WHAT THE TASK REQUIRES: Nothing but a number is needed here; count the lines of the listing that include "Cotton".

------------------------------------------------

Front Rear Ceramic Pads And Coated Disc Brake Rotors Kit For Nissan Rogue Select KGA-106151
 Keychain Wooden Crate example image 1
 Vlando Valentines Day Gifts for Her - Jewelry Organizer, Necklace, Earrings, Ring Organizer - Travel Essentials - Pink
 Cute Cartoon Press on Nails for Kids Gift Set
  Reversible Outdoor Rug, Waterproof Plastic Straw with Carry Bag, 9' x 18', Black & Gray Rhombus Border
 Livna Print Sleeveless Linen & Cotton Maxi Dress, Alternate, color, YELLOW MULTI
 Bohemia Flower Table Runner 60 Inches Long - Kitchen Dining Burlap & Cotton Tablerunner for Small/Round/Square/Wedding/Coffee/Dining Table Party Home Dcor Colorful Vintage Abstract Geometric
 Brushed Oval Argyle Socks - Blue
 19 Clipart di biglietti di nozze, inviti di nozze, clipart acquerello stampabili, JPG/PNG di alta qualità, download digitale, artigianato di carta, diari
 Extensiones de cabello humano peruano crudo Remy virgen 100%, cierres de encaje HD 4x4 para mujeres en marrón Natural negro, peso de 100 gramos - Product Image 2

------------------------------------------------

RESPONSE TO THE TASK: 2